#### [What you will do]
Set down, please, the line that contains "3 Piece Unstitched" and every line that follows it to the end of the records, exactly; do not include pictures.

Brief descriptive captions:
━━━━━━━━━━━━━━━━
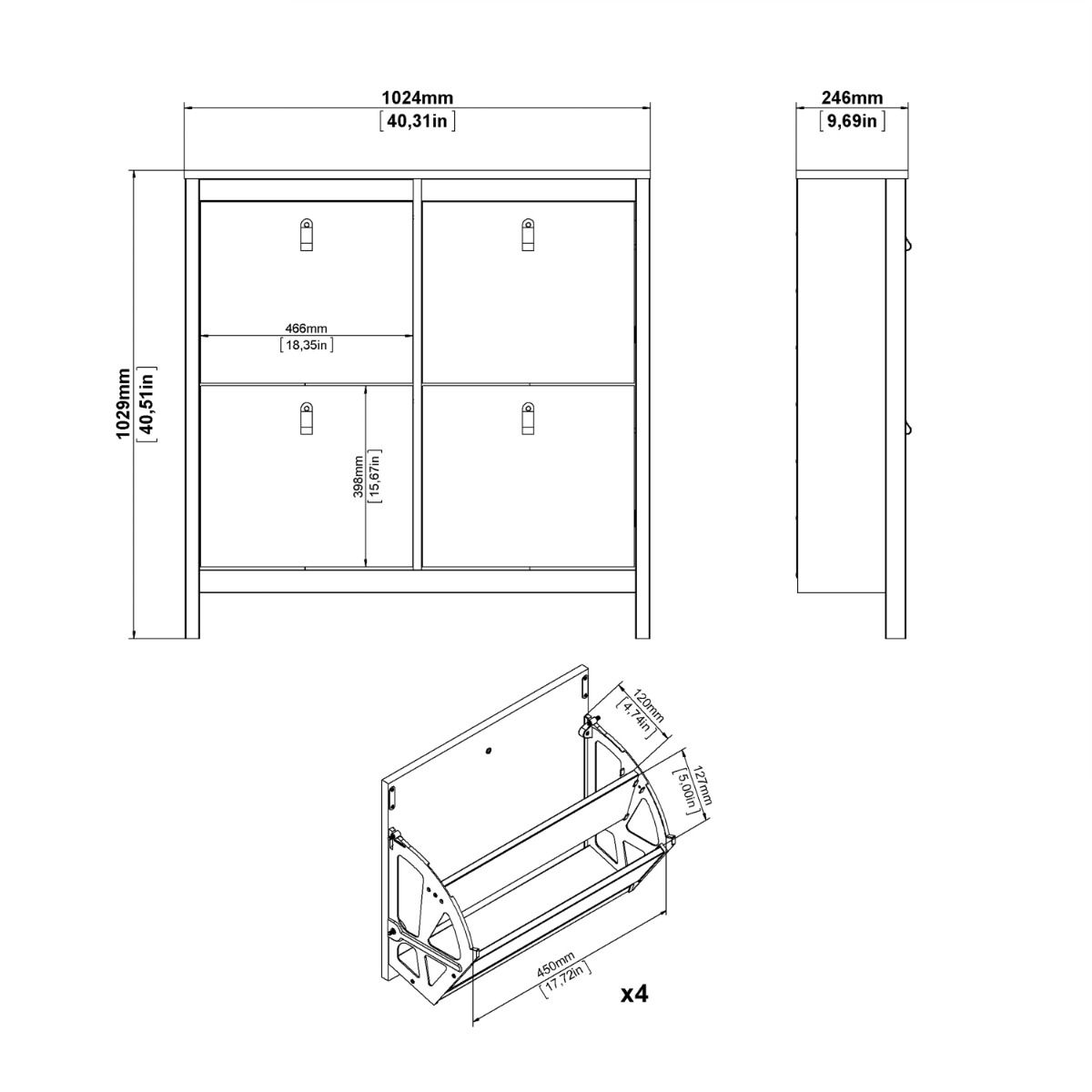 Wooden Shoe Storage Cabinet With 4 Compartments - Barcelona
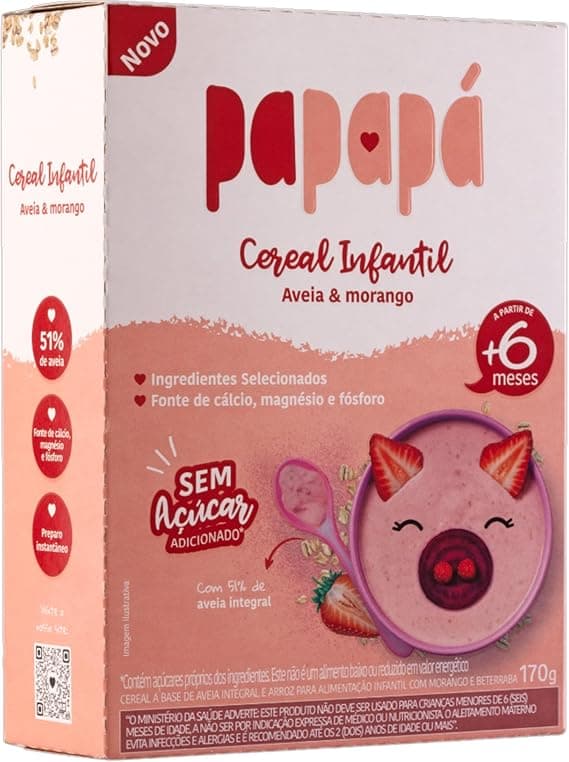 Papapá Petit Cereal: Aveia integral com Morango e Beterraba a R$16,08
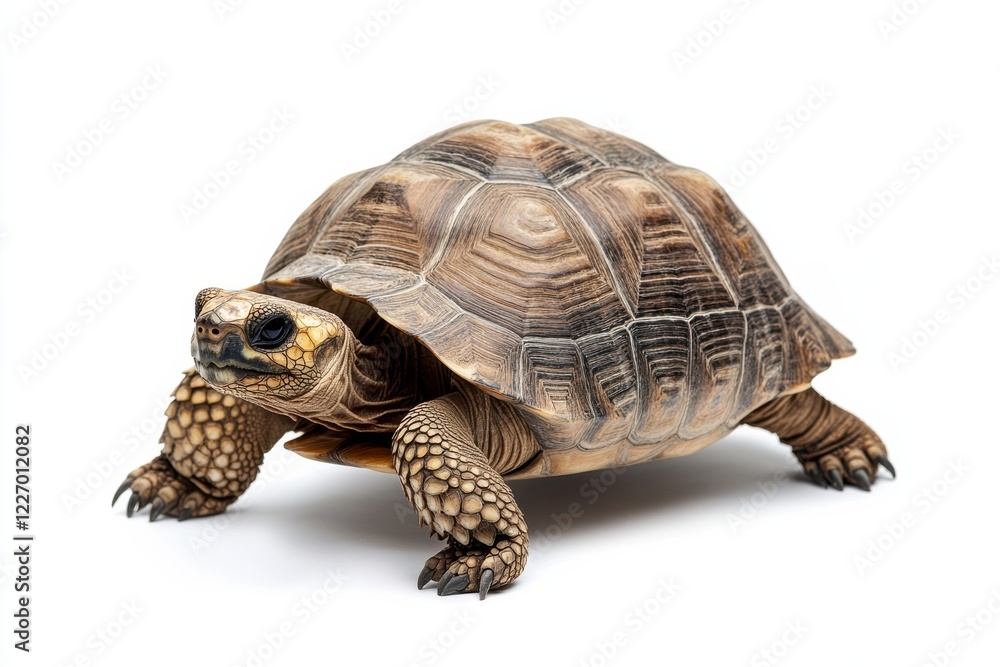 Obraz premium A young tortoise crawls on a white background.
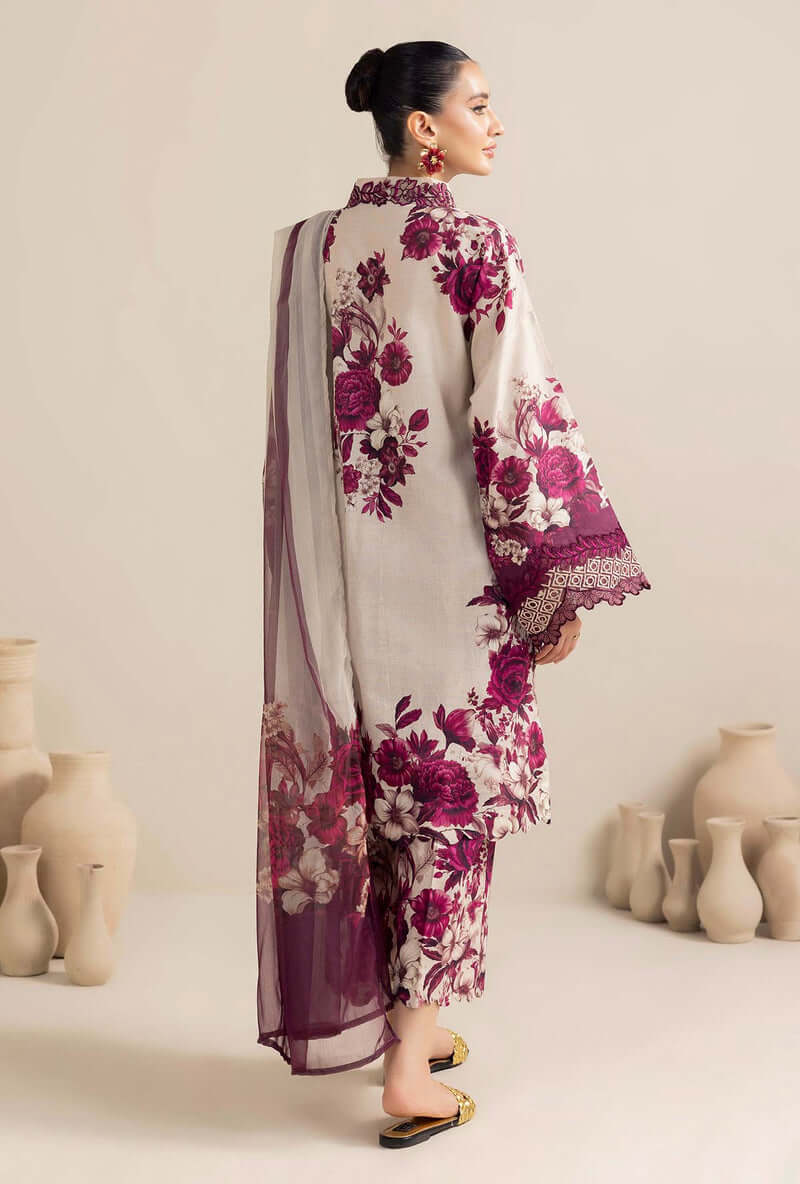 3 Piece Unstitched Embroidered Linen Suit ( Printed Linen Dupatta )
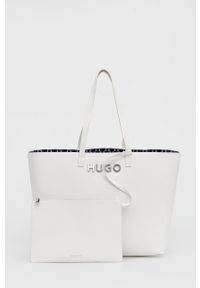 Hugo - HUGO torebka kolor biały. Kolor: biały. Rodzaj torebki: na ramię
━━━━━━━━━━━━━━━━
#### [Result]
 3 Piece Unstitched Embroidered Linen Suit ( Printed Linen Dupatta )
 Hugo - HUGO torebka kolor biały. Kolor: biały. Rodzaj torebki: na ramię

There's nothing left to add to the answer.